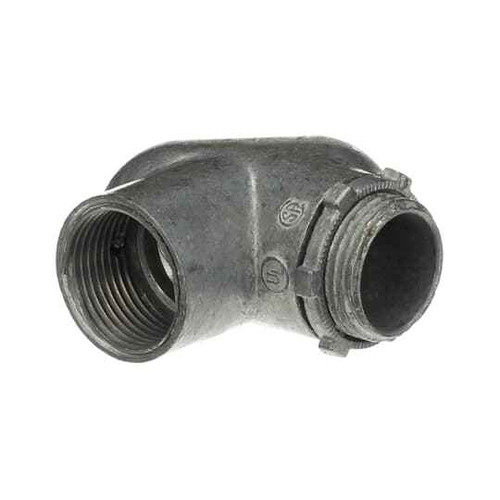Thomas & Betts CI7206 PULL ELBOW RIGID/BOX 3/4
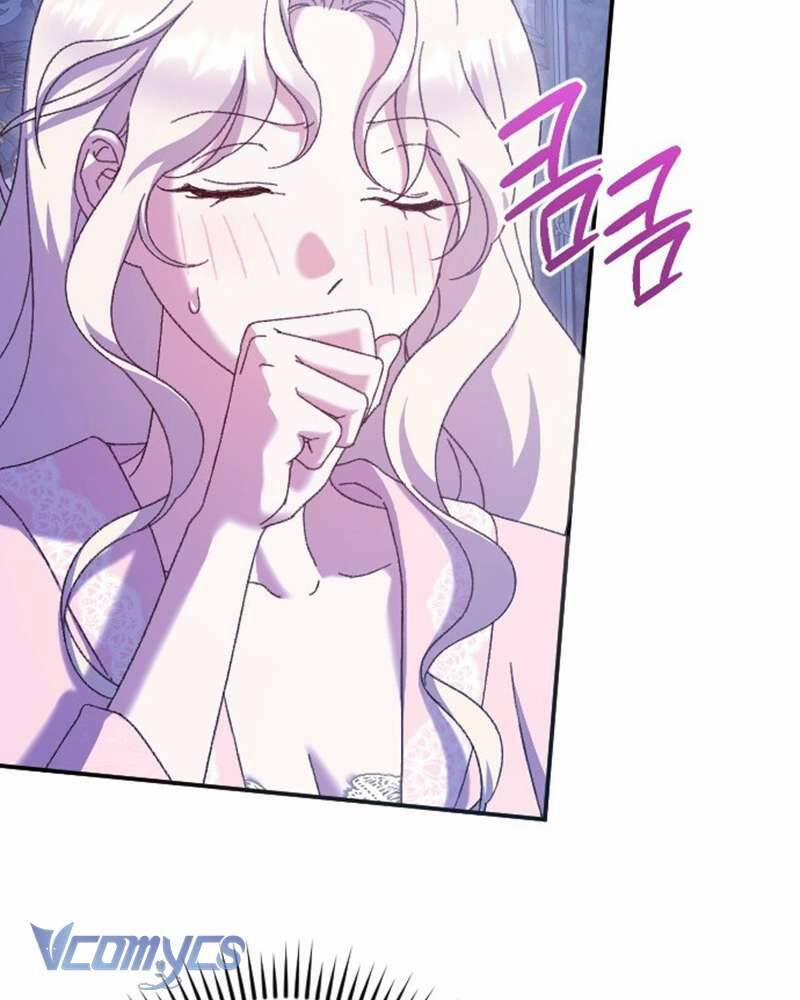 Dành Cho Những Ai Coi Hối Tiếc Là Điều Xa Xỉ 25 trang 47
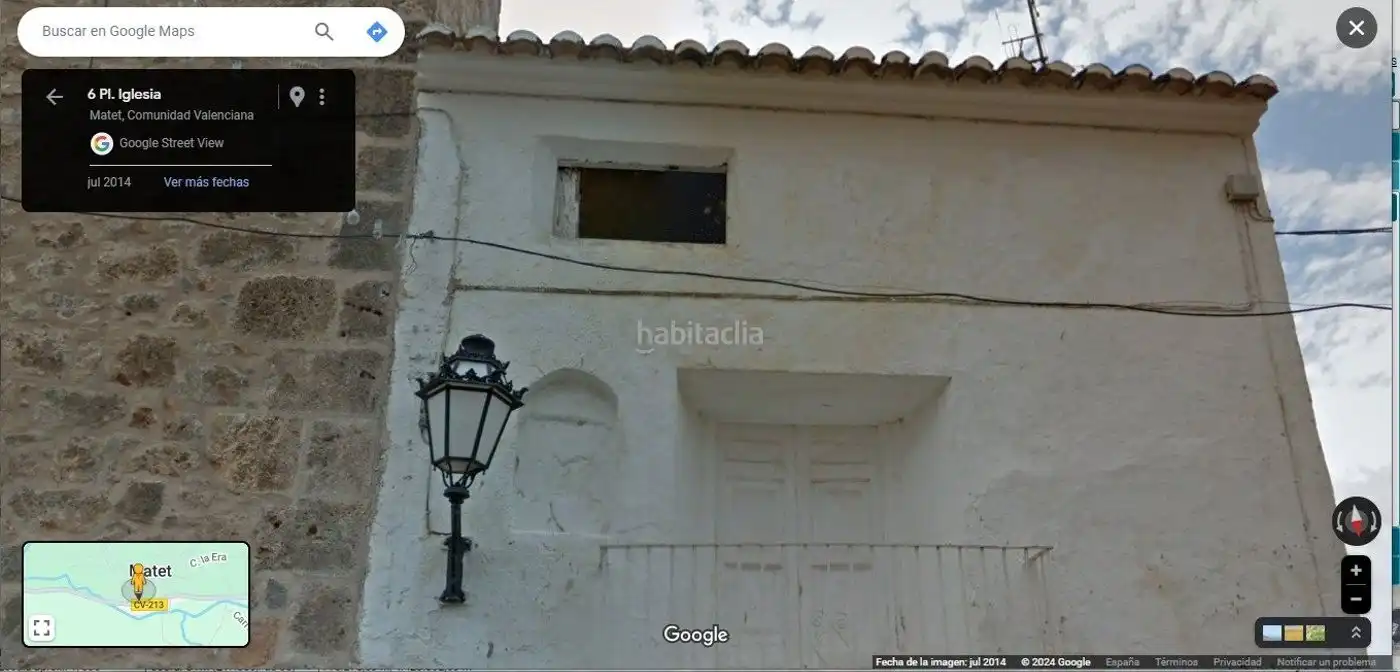 Maison à vendre à Calle San José 4, imagen 10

++++

• WORK INSTRUCTIONS
Give the listing again exactly, but omit each image.

• COMPLETED TASK
Thomas & Betts CI7206 PULL ELBOW RIGID/BOX 3/4
 Dành Cho Những Ai Coi Hối Tiếc Là Điều Xa Xỉ 25 trang 47
 Maison à vendre à Calle San José 4, imagen 10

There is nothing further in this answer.